255 History of Colonial Latin America
Surveys Spanish and Portuguese America, 15th to the 19th centuries. Themes include the indigenous, African and Iberian heritages of Latin America; the clash of civilizations and conquest in the Americas; the interaction of diverse cultures and the creation of new societies; the social, economic and cultural evolution of colonial Latin America; the age of piracy and challenges to the Spanish and Portuguese empires; the rise of hierarchies and inequalities based on gender, sexuality, ethnicity and class; and the struggle for independence. Three credits.
256 History of Modern Latin America
Introduces the political, social, economic and cultural history of Latin America from independence to the present. Themes include the struggles for independence; the creation of new nations and cultures in the 19-century; the abolition of slavery; the struggles of indigenous peoples to preserve their culture; modernization in the late 19th century; the evolution of social classes and ideas about ethnicity, gender, and sexuality; economic dependency and neocolonialism; nationalism and revolution; foreign intervention in Latin America; and the contemporary impact of democratization and globalization. Three credits. Not offered 2012-2013.
261 Europe in the 19th Century
A survey of European history from the French Revolution to the end of the 19th century, covering the political, economic, social, intellectual, and cultural affairs of major European states. Credit will be granted for only one of HIST 261 and HIST 260. Three credits.

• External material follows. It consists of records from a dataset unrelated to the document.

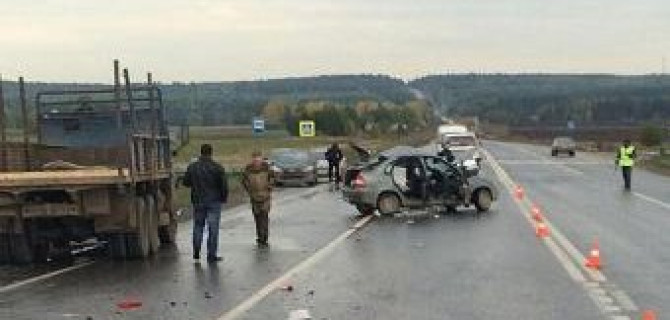 Мать и сын погибли в ДТП на трассе Пермь-Екатеринбург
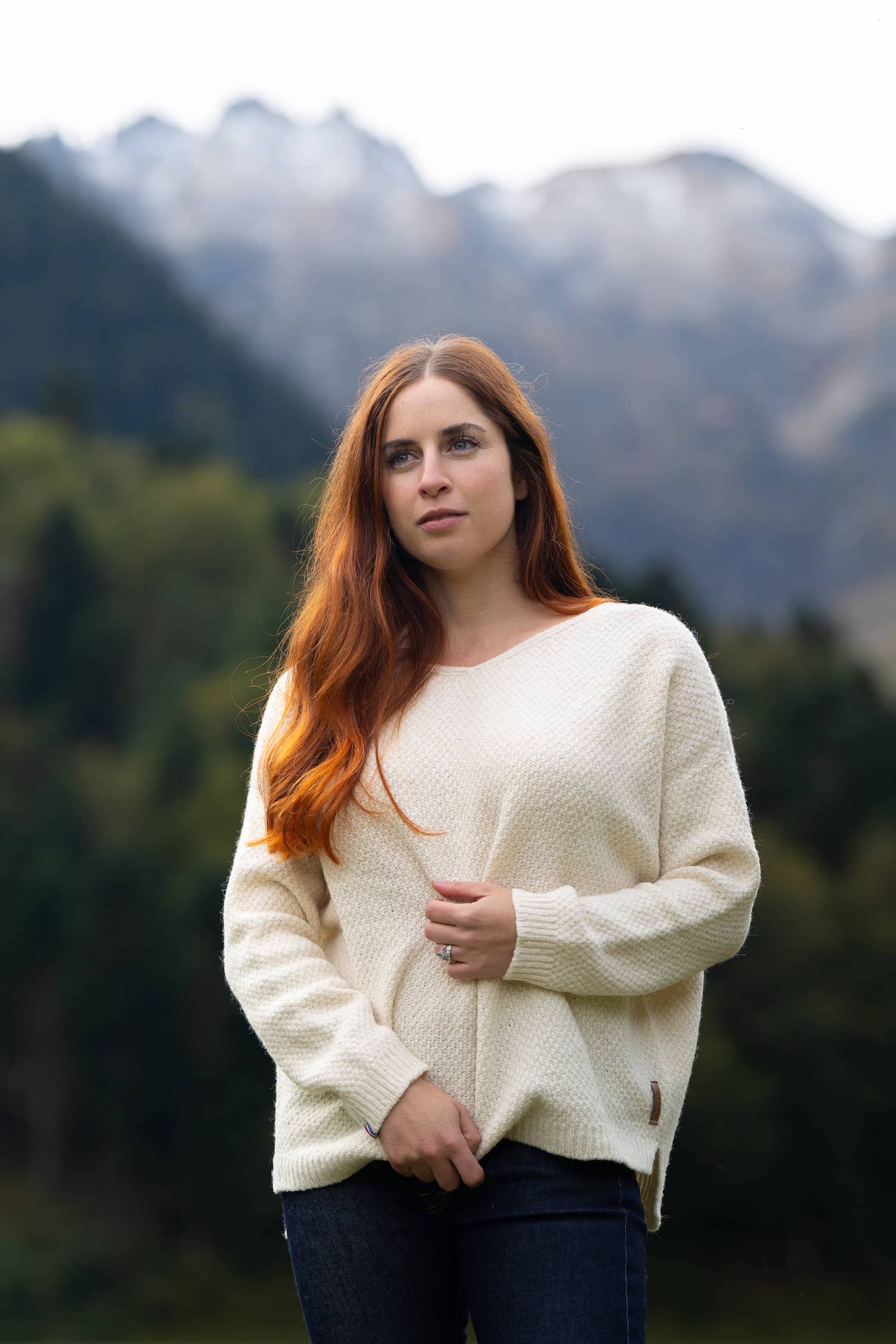 pull femme éthique et responsable, coupe loose oversize col V, blanc écru, en laine des Pyrénées et coton recyclé, made in France, maison Izard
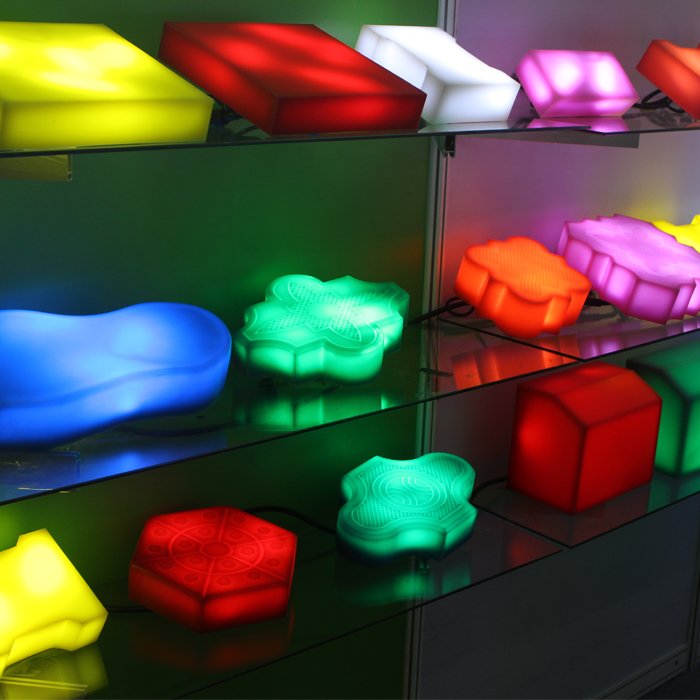 Интерактивная напольная плитка IP67 RGB цветная стеклянная Ландшафтная светодиодная плитка кирпичная лампа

262 Europe in the 20th Century
A survey of European history from the early 20th century, covering the political, social, intellectual, and cultural affairs of major European states. Credit will be granted for only one of HIST 262 and HIST 260. Three credits. Not offered 2012-2013.
275 Modern Japan
Explores the motivations, policies, obstacles, and achievements of Japan’s economic, social, political, and cultural modernization in the 19th and 20th centuries. Topics include the impact of the West; the fall of the Shogunate; the restoration of the Meiji emperor; imperialism; the 1930s economic depression; fascism and the road to World War II; World War II in the Paciﬁc; the post-war economic miracle; Japan’s role in international politics after 1945. Six credits. Not offered 2012-2013.

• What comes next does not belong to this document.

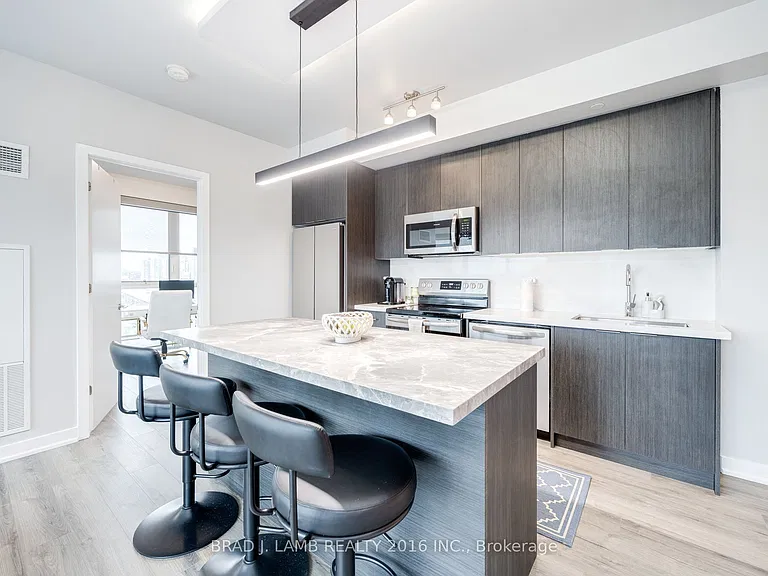 50 Bruyeres Mews #1209 — Photo 4
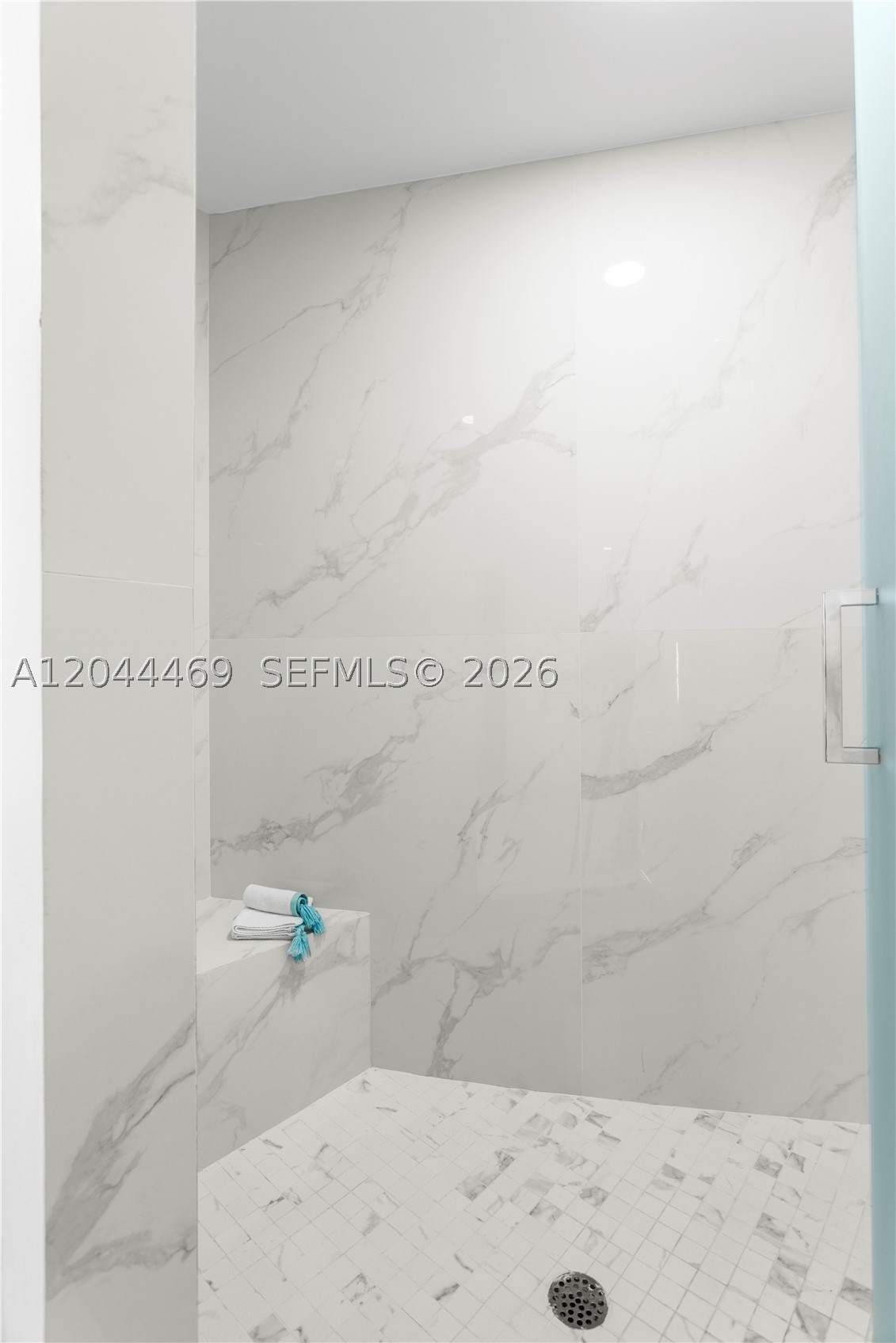 300 S Pointe Dr #3604, Miami Beach FL 33139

282 British History Since 1707
The aim of this survey is to introduce students to the political, social and economic history of Great Britain from the Acts of Union until the present post-Blair era. Three credits.
283 The British Empire
Britain was the world’s ﬁrst modern superpower. It dominated the world politically, economically, militarily and culturally. This course will examine both the measurables of imperial economic and political domination, but also the intangibles; Britons themselves came to believe that they exempliﬁed national characteristics that denoted imperial rulers. What all led to that mindset, and how was that viewed by subject populations? Regional studies will enable us to understand the relationship between metropole and settlers and administrators and colonial populations. Three credits. Not offered 2012-2013.
298 Selected Topics
The topic for 2012-2013 is Crusades and Their Cultures. This class explores history of the medieval religious wars that are now known as the crusades. Although often treated collectively, these wars differed greatly in character, from penitential crusades to the holy land to disciplinary crusades against the Cathars and Hussites, to the economic war of aggression that was the Fourth Crusade. Organized as a brief chronological survey of the crusades from 1096 to 1430, the course will also examine various themes in recent crusade historiography. Three credits.